Titulature revers : BANQUE / DE PARIS / ET DES / PAYS-BAS // À L’EXERGUE : 50E ANNIVERSAIRE / 1872-1922 // DANS LE BLASON À GAUCHE : PRESIDENTS / 1877 ERNEST DUTILLEUL / 1894 EDMOND JOUBERT / 1895 EUGENE GOUIN / 1909 LEOPOLD RENOUARD / 1910 CHARLES DEMACHY / 1911 EDOUARD NOETZLIN / 1915 GASTON GRIOLET / VICE-PRESIDENTS / STEPHANE DERVILLE / JULES CAMBON / DIRECTEUR GENERAL / HORACE FINALY.
Description revers : Légende sous un vaisseau voguant sur les flots. Divers éléments autour du cuir gravé en 13 lignes.

Commentaire


La médaille est conservée dans un écrin en cuir gaufré de liserés dorés, accompagnée de la photo d’un homme inconnu.
La Banque de Paris & des Pays-Bas est fondée à Paris en 1872 et fonctionne essentiellement comme banque d’affaires. Cette banque existe toujours sous le nom plus moderne de BNP-Paribas.

Historique


TROISIÈME RÉPUBLIQUE

(4/09/1870-10/07/1940)

La nouvelle de la capitulation de Sedan provoque la révolution du 4 septembre 1870 à Paris.
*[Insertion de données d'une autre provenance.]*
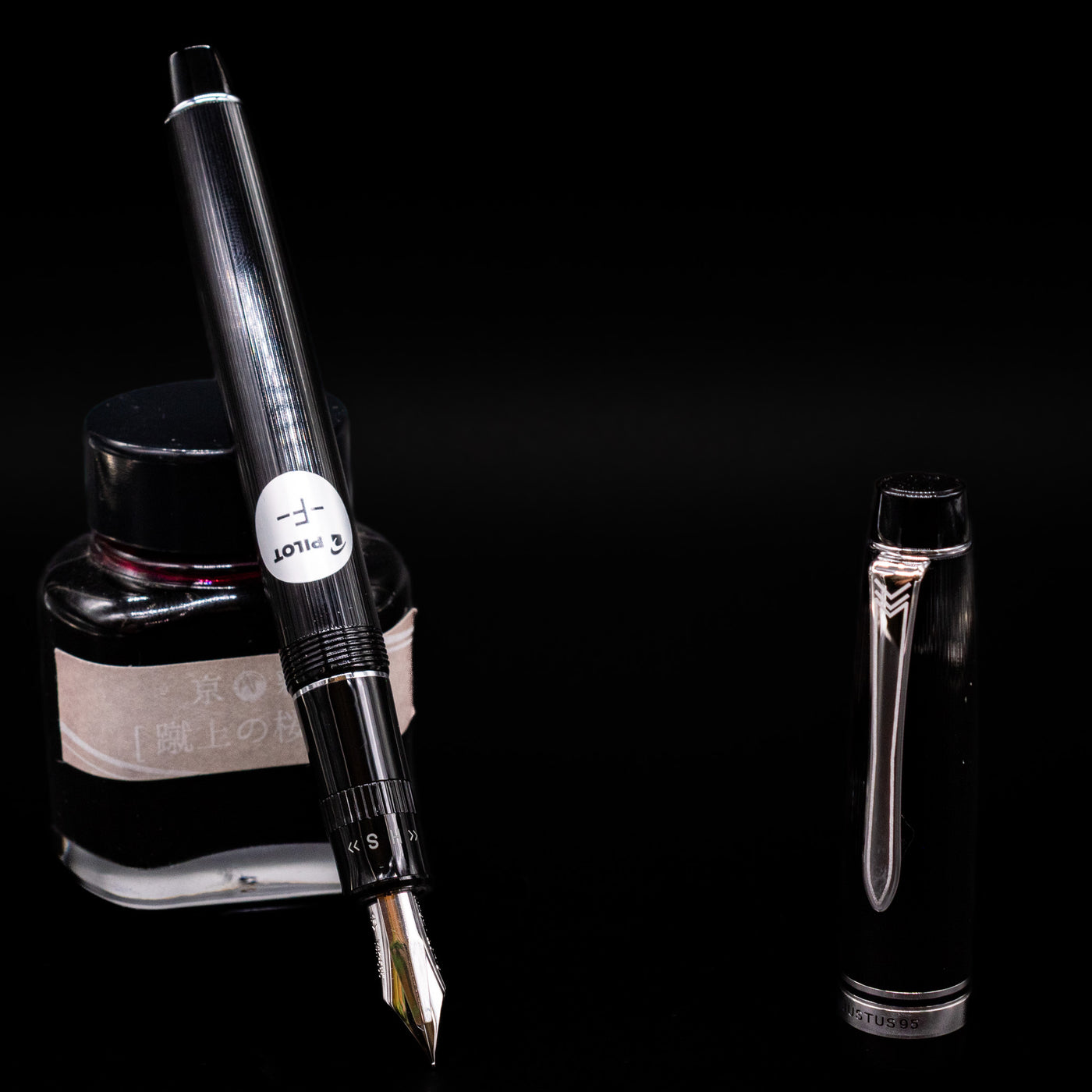 PEN International 70 (未使用) ＋ロッドプレゼント Pilot Justus 95 Fountain Pen - Black with Rhodium – Truphae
Proclamée à l'Hôtel de Ville, la République est dotée d'un gouvernement provisoire appelé gouvernement de la Défense nationale. Menacé à gauche par l'insurrection de la Commune et à droite par les monarchistes, le nouveau régime connaît des débuts difficiles. Chef du pouvoir exécutif dans un premier temps (février 1871), Thiers est chargé de réorganiser le pays avant de choisir sa forme de gouvernement. Il devient président de la République en août 1871 et, malgré son action de libération du territoire, doit quitter son poste en mars 1873 face à l'opposition royaliste. Il est alors remplacé par Mac-Mahon favorable au rétablissement de la monarchie mais celle-ci n'est pas restaurée à la suite de la question du drapeau. La loi du septennat est alors mise en place en novembre 1873 puis, en 1875, sont votées les lois fondamentales qui servent de Constitution à la Troisième République. Régime parlementaire, elle se caractérise notamment par la nette prépondérance du pouvoir législatif sur le pouvoir exécutif. Anticléricale, la Troisième République rend l'école gratuite, laïque et obligatoire mais continue la politique coloniale pour ses ambitions économiques, stratégiques et morales. La séparation des Églises et de l'État est votée en 1905. L'idée d'une revanche sur l'Allemagne et un nationalisme important sont au cœur de la crise boulangiste, du scandale de Panama ou de l'affaire Dreyfus des années 1886-1899 tandis que la politique étrangère est très active notamment au Maroc et que la course aux armements se développe. La Première Guerre mondiale coûte cher à la France qui ne se relève qu'à partir de 1920 voire 1928 pour la monnaie avec le franc "Poincaré". La crise de 1929 ne se fait sentir qu'à partir de 1932 mais dure jusqu'en 1939, période durant laquelle l'instabilité ministérielle est très importante. Vacillant en 1934, la Troisième République trouve un nouveau ciment unitaire avec l'antifascisme qui permet l'arrivée au pouvoir du Front populaire en 1936. Mais, paralysée face à l'Allemagne, la France va alors s'enliser dans une "drôle de guerre" puis connaître l'une des plus grandes défaites de son histoire en juin 1940. Réunies en Assemblée nationale à Vichy le 10 juillet 1940, les Chambres, pourtant élues en 1936, votent les pleins pouvoirs à Pétain dans une sorte de suicide collectif par 569 voix pour, 80 voix contre et 18 abstentions.